> **ABOUT THIS EXERCISE**
Your task is to output the listing word for word, with pictures excluded.

> **SUPPLIED MATERIAL**
⟨

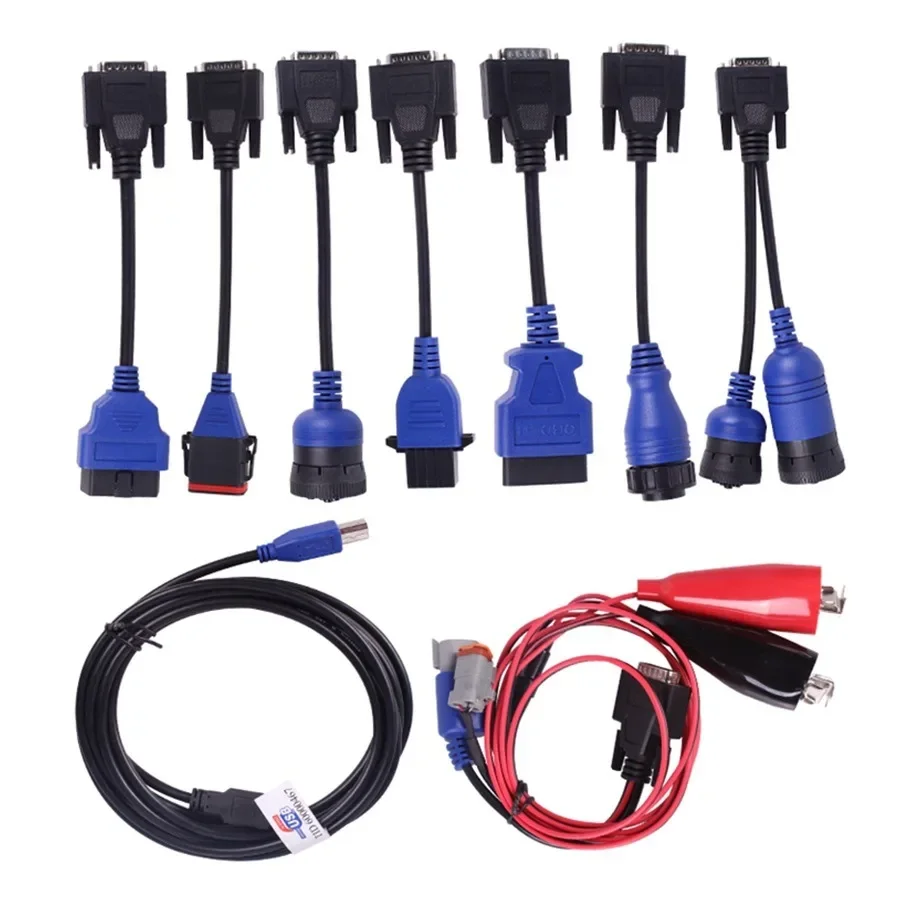 N2 N1 Usb Bt Diesel Truck Diagnostic Tool Truck Obd Fault Diagnostic Detector Per Usb Link Truck Diagnostic Scanner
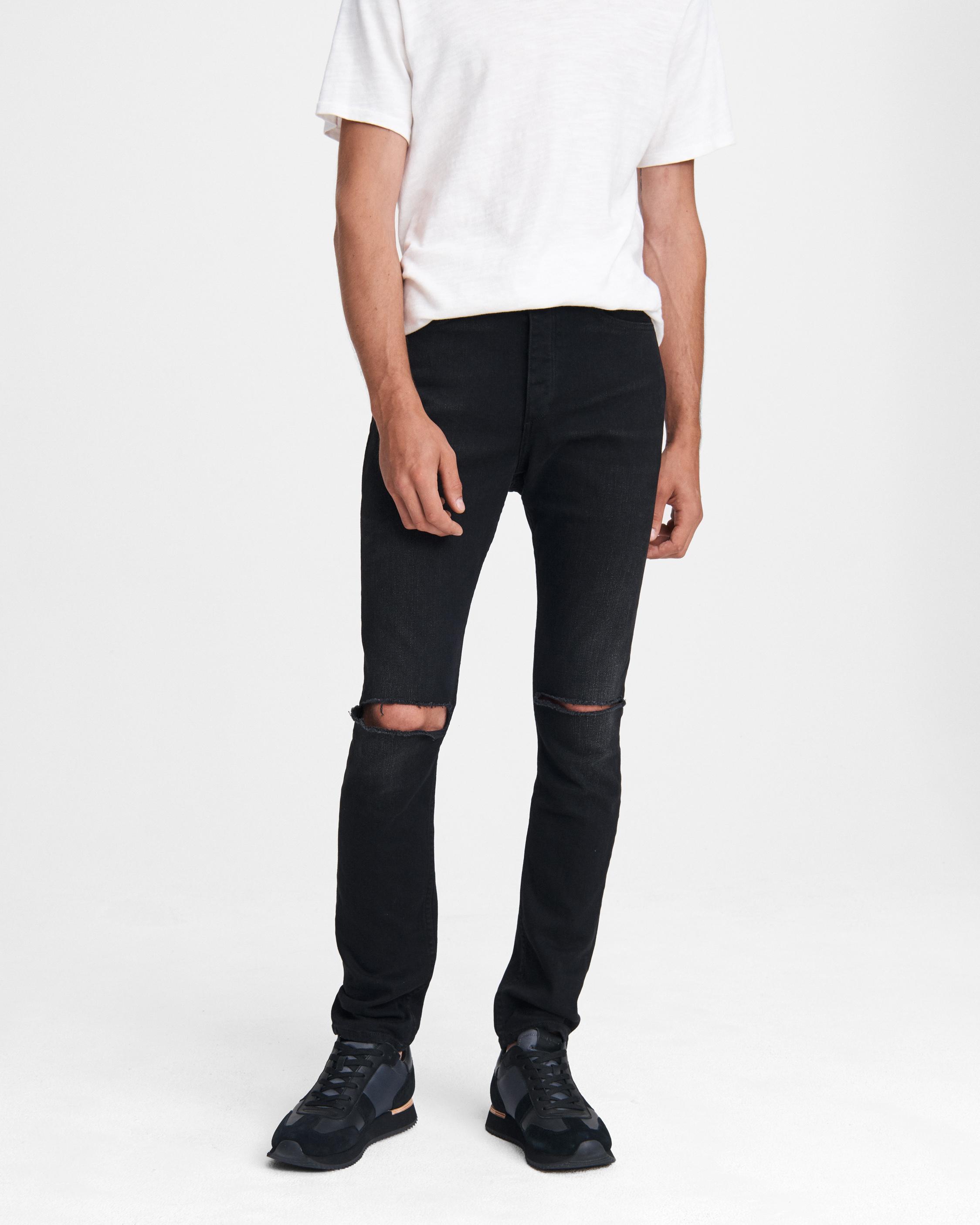 Fit 1 - Jax - Jax | rag & bone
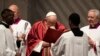 Vatican Pope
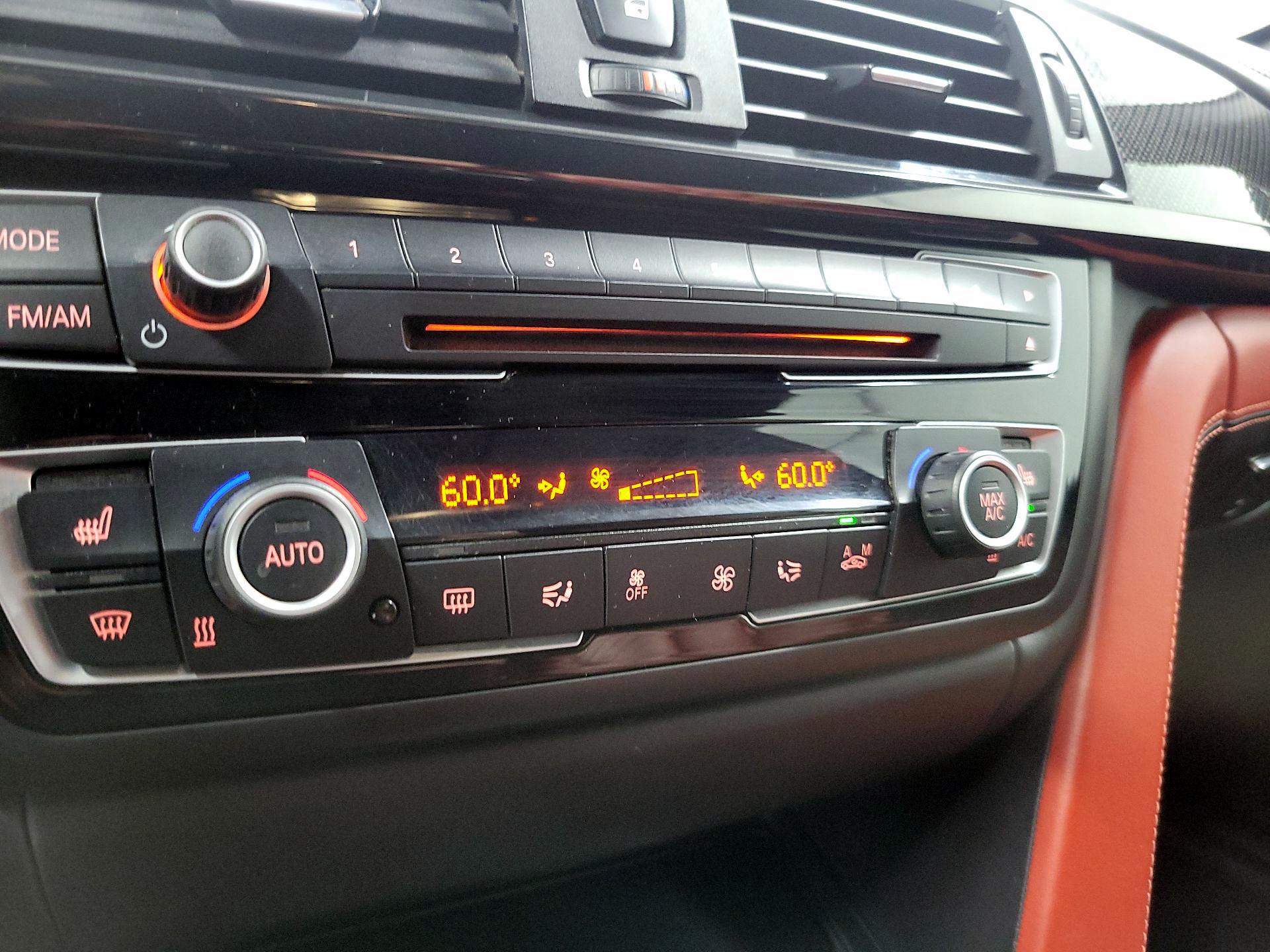 Thumbnail: 2015 BMW M4 - 16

⟩

> **RESULT**
 N2 N1 Usb Bt Diesel Truck Diagnostic Tool Truck Obd Fault Diagnostic Detector Per Usb Link Truck Diagnostic Scanner
 Fit 1 - Jax - Jax | rag & bone
 Vatican Pope
 Thumbnail: 2015 BMW M4 - 16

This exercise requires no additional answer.